**What the exercise asks:** For this exercise, retype the lines from the one that holds "Nissan 2820601G01 ANTENNA ASSY" through the one that holds "Kids' 5th Birthday" in the records below, both included, exactly and without pictures.

[Web page caption snippets]
◆ ◆ ◆ ◆
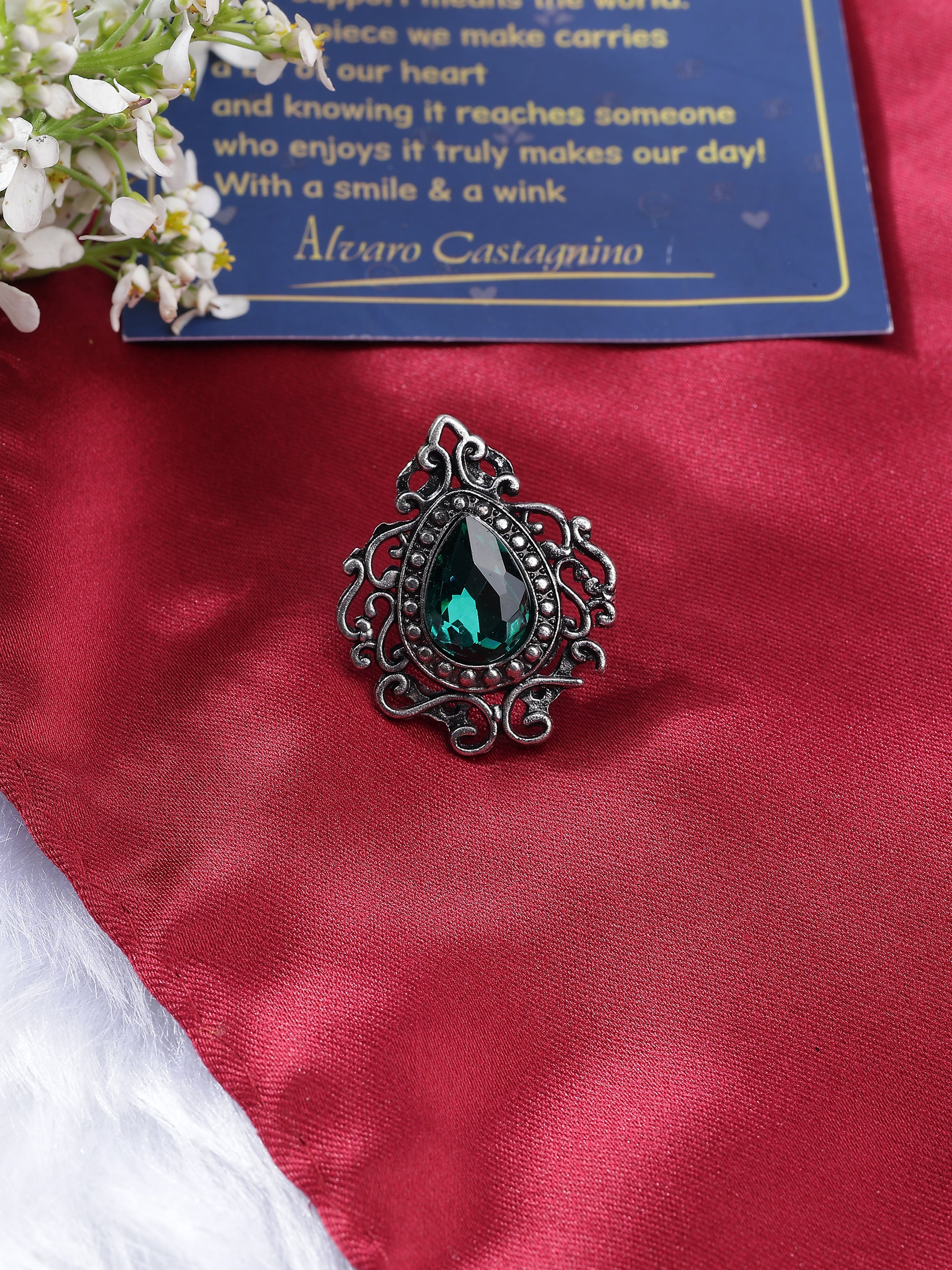 Emerald Green Teardrop Brooch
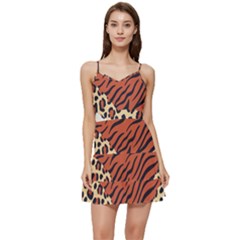 Mixed-animal-skin-print-safari-textures-mix-leopard-zebra-tiger-skins-patterns-luxury-animals-textur Short Frill Dress by uniart180623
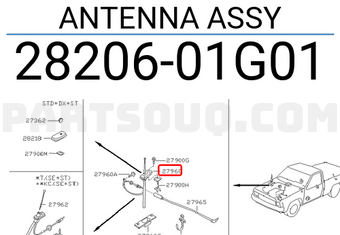 Nissan 2820601G01 ANTENNA ASSY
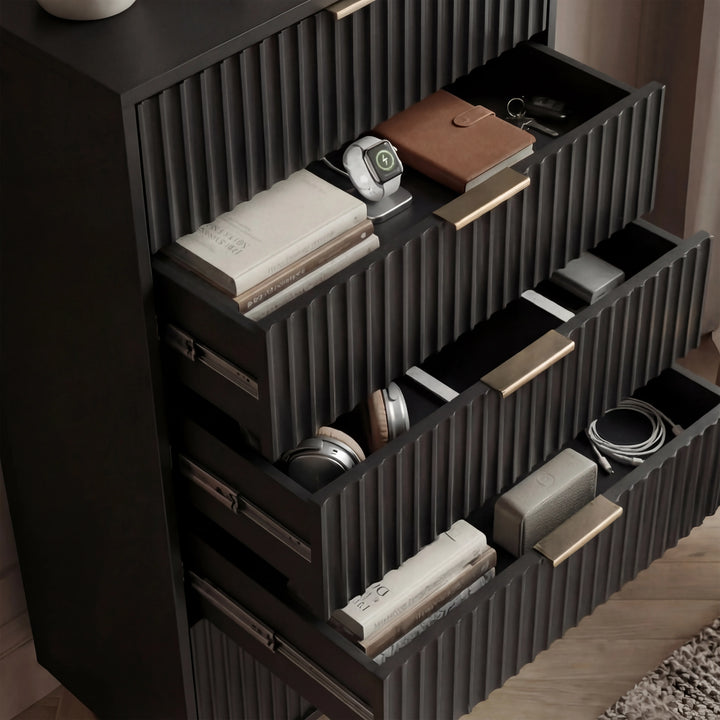 [Black] flutrina 5 drawer unit with drawers open to reveal interior storage compartments with golden handles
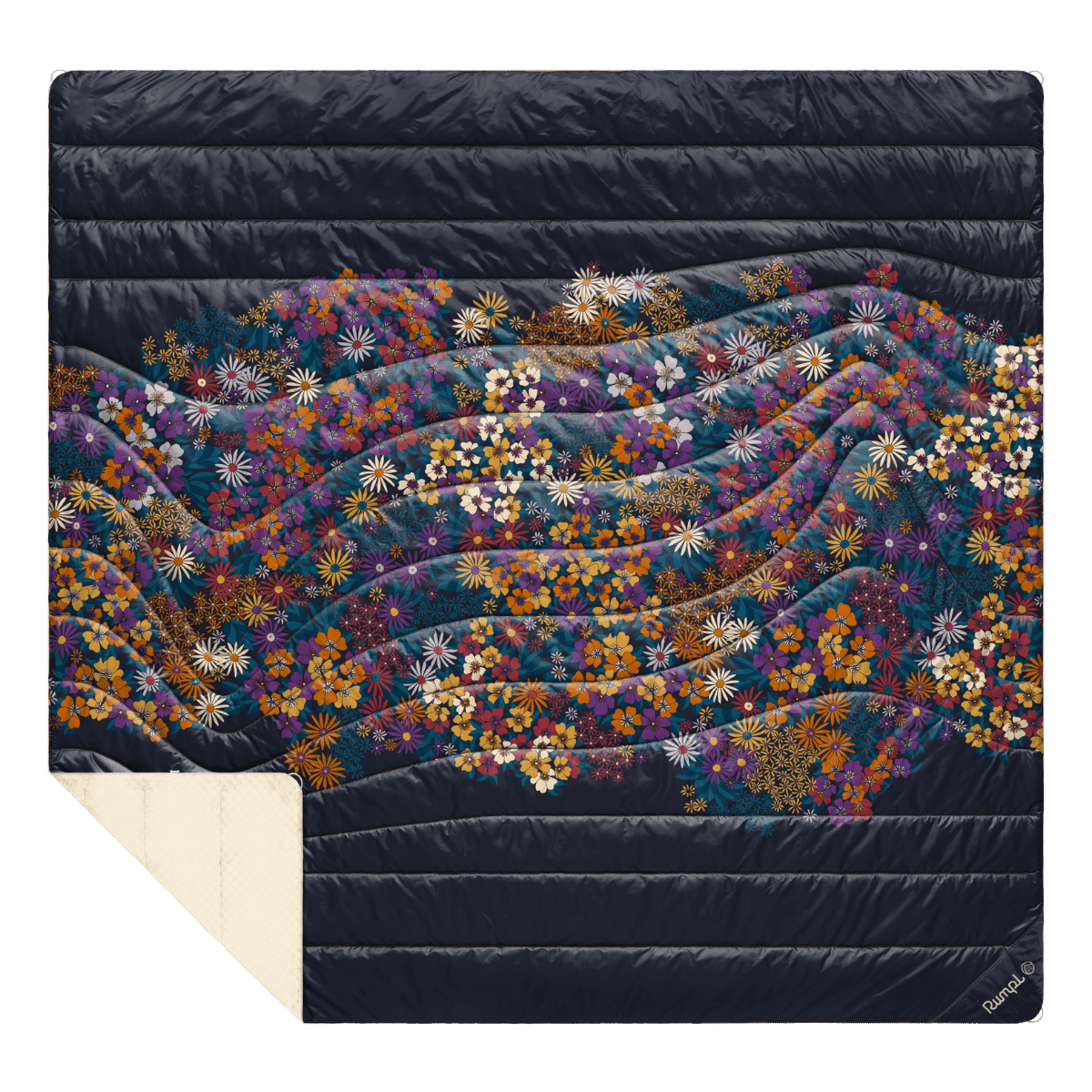 Fleece Puffy Blanket - Midnight Bloom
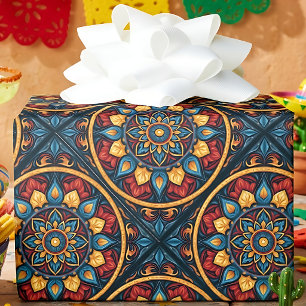 Papel de regalo colorido Talavera Mexicana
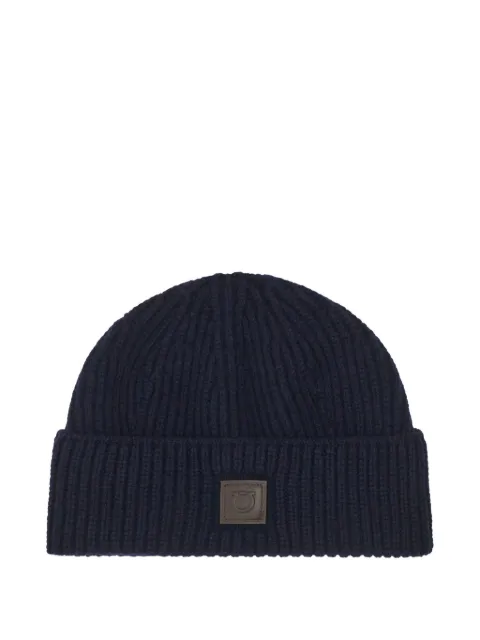 Ferragamo ribbed tag knitted beanie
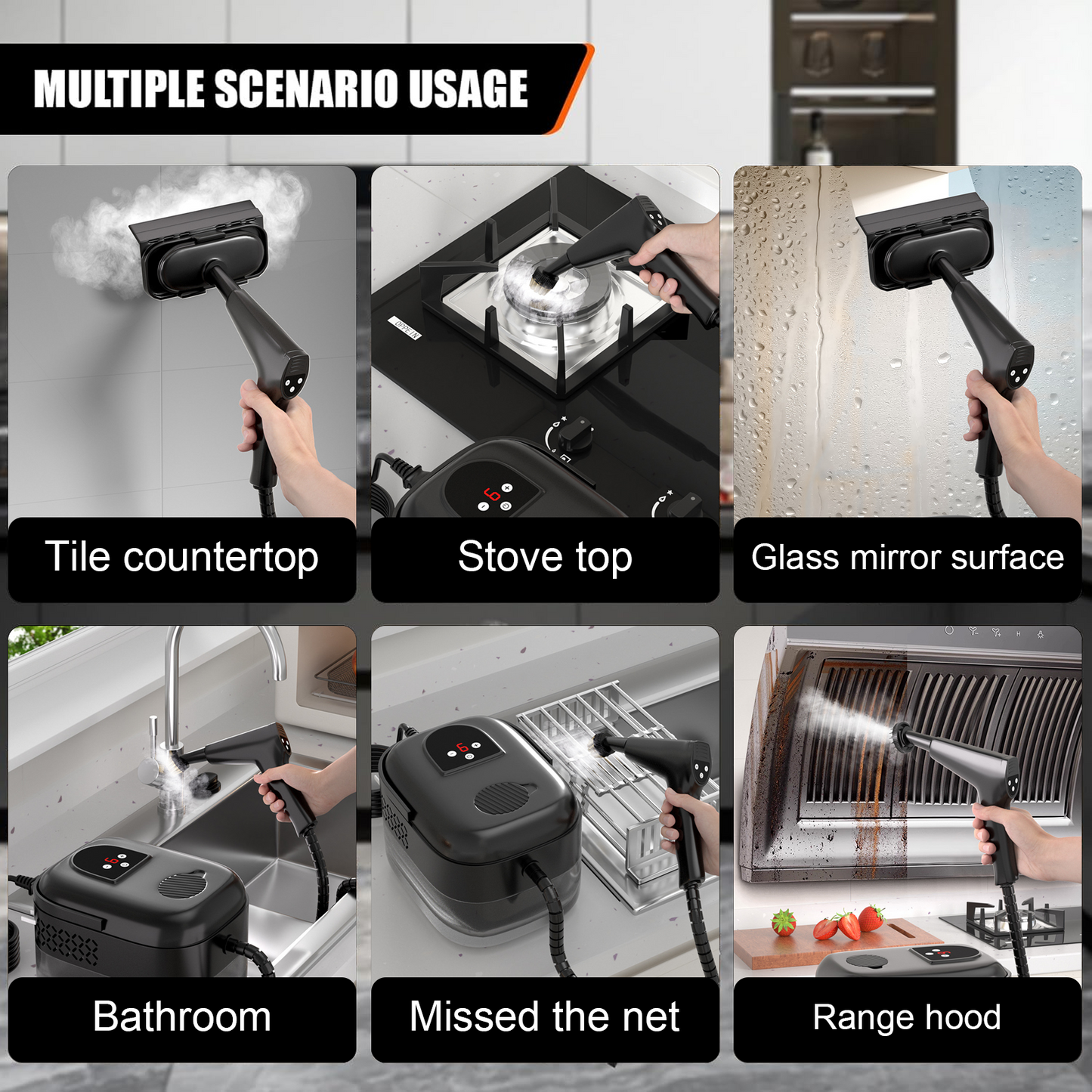 1500W High-Pressure Handheld Steam Cleaner - 221°F Fast Heating & Portable Steam Cleaning for Home , Bathrooms, Car Interiors Eliminates Pet Hair, Allergens, Stubborn Grime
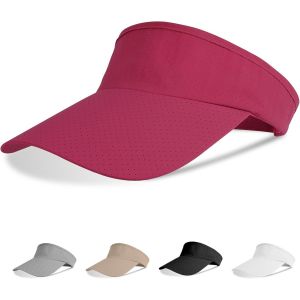 Kalanka-Visiere Casquette Anti Uv Femmes, Femme Casquette À Visière Maille Respirante Réglable Été Casquette De Base-Ball Golf Tennis Hommes Visières De Soleil Anti-Soleil Beach Visiere(Rose Rouge) - Neuf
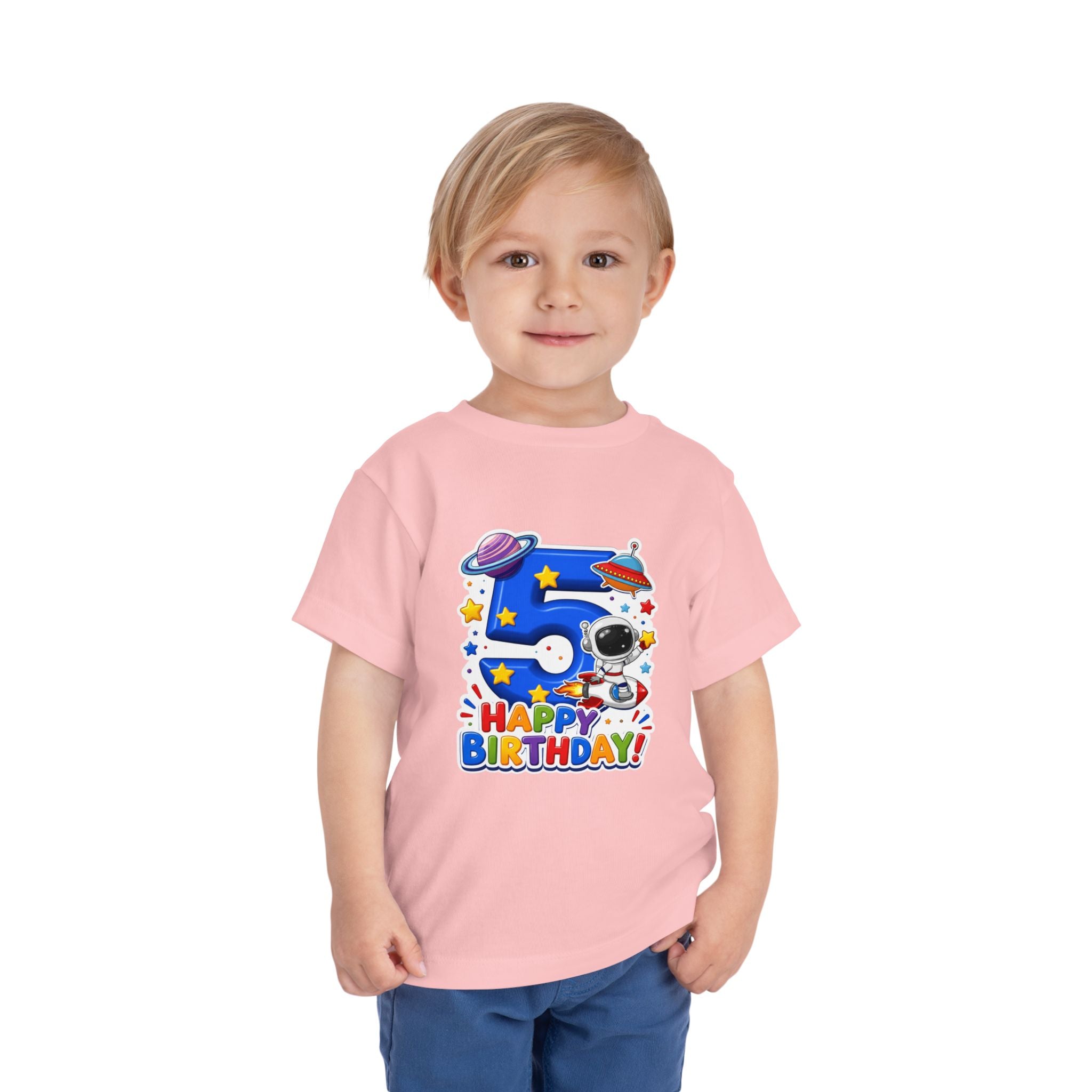 Kids' 5th Birthday Space Tee - Happy Birthday Astronaut Shirt for Toddlers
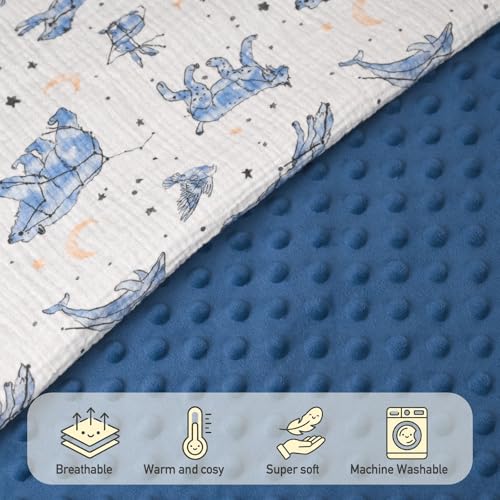 Image of GLLQUEN BABY Blanket，Muslin Cotton Front，Minky Back，30x40 | Soft crib blanket for infant toddler boys & girls. Perfect nursery throw blanket for stroller, travel & baby shower gifts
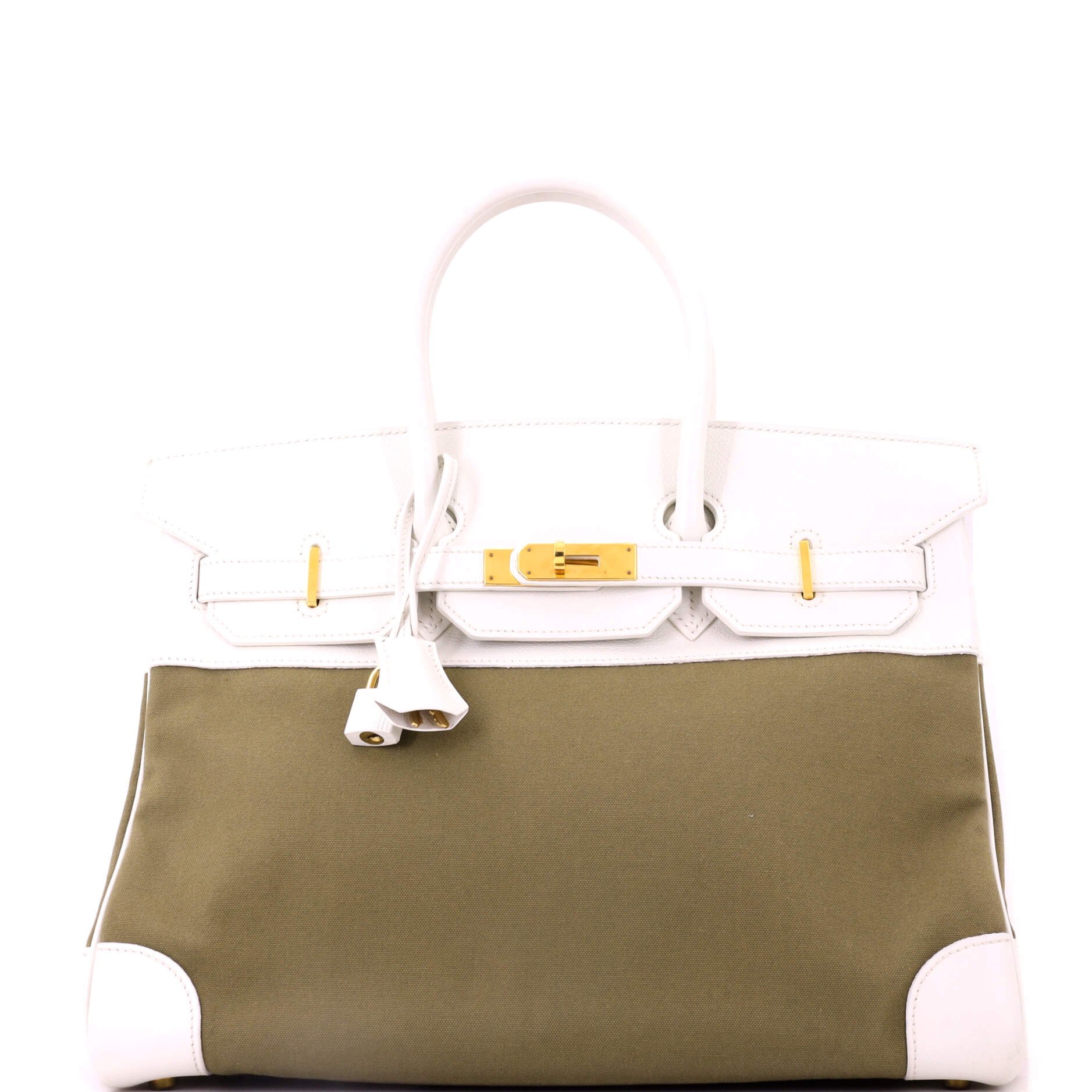 Birkin Handbag Toile and Blanc Courchevel with Gold Hardware 35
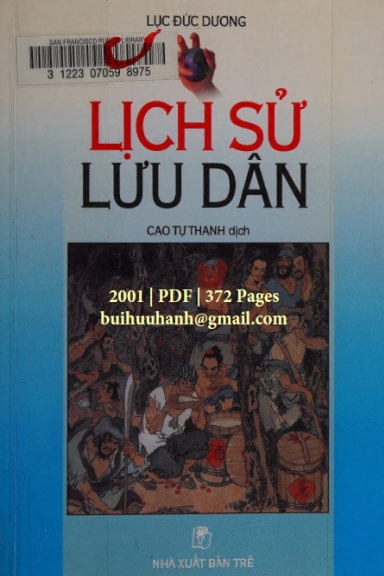 Lịch Sử Lưu Dân (NXB Trẻ 2001) - Lục Đức Dương, 372 Trang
◆ ◆ ◆ ◆
**Output of the task:**
 Nissan 2820601G01 ANTENNA ASSY
 [Black] flutrina 5 drawer unit with drawers open to reveal interior storage compartments with golden handles
 Fleece Puffy Blanket - Midnight Bloom
 Papel de regalo colorido Talavera Mexicana
 Ferragamo ribbed tag knitted beanie
 1500W High-Pressure Handheld Steam Cleaner - 221°F Fast Heating & Portable Steam Cleaning for Home , Bathrooms, Car Interiors Eliminates Pet Hair, Allergens, Stubborn Grime
 Kalanka-Visiere Casquette Anti Uv Femmes, Femme Casquette À Visière Maille Respirante Réglable Été Casquette De Base-Ball Golf Tennis Hommes Visières De Soleil Anti-Soleil Beach Visiere(Rose Rouge) - Neuf
 Kids' 5th Birthday Space Tee - Happy Birthday Astronaut Shirt for Toddlers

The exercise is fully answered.